Em nota, o Gilberto Nascimento disse que “não tem controle ou conhecimento das atividades realizadas pelo prestador de serviços Ricardo Luiz Wright Minussi Macedo além do âmbito da consultoria legislativa prestada à época” e que embora não tenha conhecimento sobre o inquérito, que corre sob sigilo, “mantém confiança no sistema judiciário para uma investigação completa dos fatos”.
A PF disse que não fala sobre investigações em andamento.
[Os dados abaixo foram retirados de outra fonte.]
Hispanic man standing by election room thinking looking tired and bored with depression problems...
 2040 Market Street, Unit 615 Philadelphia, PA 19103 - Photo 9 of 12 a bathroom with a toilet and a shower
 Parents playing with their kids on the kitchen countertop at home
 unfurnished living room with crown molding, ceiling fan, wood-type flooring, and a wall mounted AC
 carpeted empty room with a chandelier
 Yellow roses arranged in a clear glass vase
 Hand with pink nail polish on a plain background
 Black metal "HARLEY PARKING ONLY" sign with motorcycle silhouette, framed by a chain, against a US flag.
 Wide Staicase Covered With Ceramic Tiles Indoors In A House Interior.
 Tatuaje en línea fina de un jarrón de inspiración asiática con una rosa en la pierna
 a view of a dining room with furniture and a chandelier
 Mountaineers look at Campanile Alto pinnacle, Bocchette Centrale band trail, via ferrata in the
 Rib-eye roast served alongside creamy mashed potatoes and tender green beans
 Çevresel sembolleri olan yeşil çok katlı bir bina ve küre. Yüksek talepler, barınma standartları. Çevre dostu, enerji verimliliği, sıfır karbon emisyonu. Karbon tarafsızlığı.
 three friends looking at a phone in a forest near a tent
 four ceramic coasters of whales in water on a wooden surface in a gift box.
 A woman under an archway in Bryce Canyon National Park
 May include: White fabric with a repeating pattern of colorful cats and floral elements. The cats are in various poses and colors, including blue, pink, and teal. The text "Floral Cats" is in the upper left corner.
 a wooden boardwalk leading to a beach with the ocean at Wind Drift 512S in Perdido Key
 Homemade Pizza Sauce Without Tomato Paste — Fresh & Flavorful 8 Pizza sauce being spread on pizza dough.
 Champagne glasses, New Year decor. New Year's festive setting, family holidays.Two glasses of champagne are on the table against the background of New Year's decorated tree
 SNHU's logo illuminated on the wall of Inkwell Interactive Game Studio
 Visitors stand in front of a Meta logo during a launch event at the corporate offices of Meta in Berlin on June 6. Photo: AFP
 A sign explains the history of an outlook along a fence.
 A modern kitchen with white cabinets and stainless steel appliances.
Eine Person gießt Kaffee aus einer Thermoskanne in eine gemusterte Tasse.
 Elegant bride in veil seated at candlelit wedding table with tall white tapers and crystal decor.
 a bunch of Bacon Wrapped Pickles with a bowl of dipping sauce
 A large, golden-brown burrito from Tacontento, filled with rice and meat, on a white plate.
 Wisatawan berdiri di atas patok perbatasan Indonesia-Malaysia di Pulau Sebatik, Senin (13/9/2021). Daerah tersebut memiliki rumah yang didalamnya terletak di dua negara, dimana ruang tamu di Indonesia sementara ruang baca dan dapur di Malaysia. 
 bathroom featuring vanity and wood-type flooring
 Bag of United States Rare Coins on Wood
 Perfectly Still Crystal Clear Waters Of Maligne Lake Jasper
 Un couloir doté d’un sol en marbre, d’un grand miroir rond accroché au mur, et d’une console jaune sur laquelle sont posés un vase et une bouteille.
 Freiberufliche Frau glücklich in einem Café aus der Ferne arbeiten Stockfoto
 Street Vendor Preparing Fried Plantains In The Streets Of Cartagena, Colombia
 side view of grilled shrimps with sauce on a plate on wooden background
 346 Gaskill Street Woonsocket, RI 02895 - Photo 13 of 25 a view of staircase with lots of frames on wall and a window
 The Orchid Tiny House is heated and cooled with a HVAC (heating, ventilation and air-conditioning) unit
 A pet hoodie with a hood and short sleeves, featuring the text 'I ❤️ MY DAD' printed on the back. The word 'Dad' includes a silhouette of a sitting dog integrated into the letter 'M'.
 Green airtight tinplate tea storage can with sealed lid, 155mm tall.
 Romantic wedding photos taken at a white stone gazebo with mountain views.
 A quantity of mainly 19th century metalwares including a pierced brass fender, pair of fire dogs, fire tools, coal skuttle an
O relatório da PF apresentado a Moraes (e que embasou a segunda operação no caso da “Abin Paralela”, em janeiro) não faz nenhuma menção ao então deputado federal Alan Rick, hoje senador pelo União Brasil do Acre.
Em 2019, época da produção do “Previa Nini.docx”, Minussi figurava nos boletins administrativos da Câmara como pessoa autorizada por Rick para acessar determinados sistemas da Casa. Em 2021, ele passou a ser assessor de gabinete do então deputado.
Em 2023, seguiu com Alan Rick para o Senado. O portal de Transparência da Instituição mostra que Miinussi recebeu salário de R$ 14.274 em fevereiro.
Também em nota, o senador disse que não foi alvo de qualquer operação e que não tem conhecimento do documento ou de qualquer outro serviço prestado por assessores em relações profissionais fora do gabinete.
“[Alan Rick] Reafirma que não compactua com qualquer tipo de ilegalidade e que sua conduta perante a situação será pautada em fatos concretos, assim que estes forem plenamente esclarecidos”, segue a nota, acrescentando que ele confia na apuração isenta da Justiça.
A reportagem não conseguiu falar com Minussi.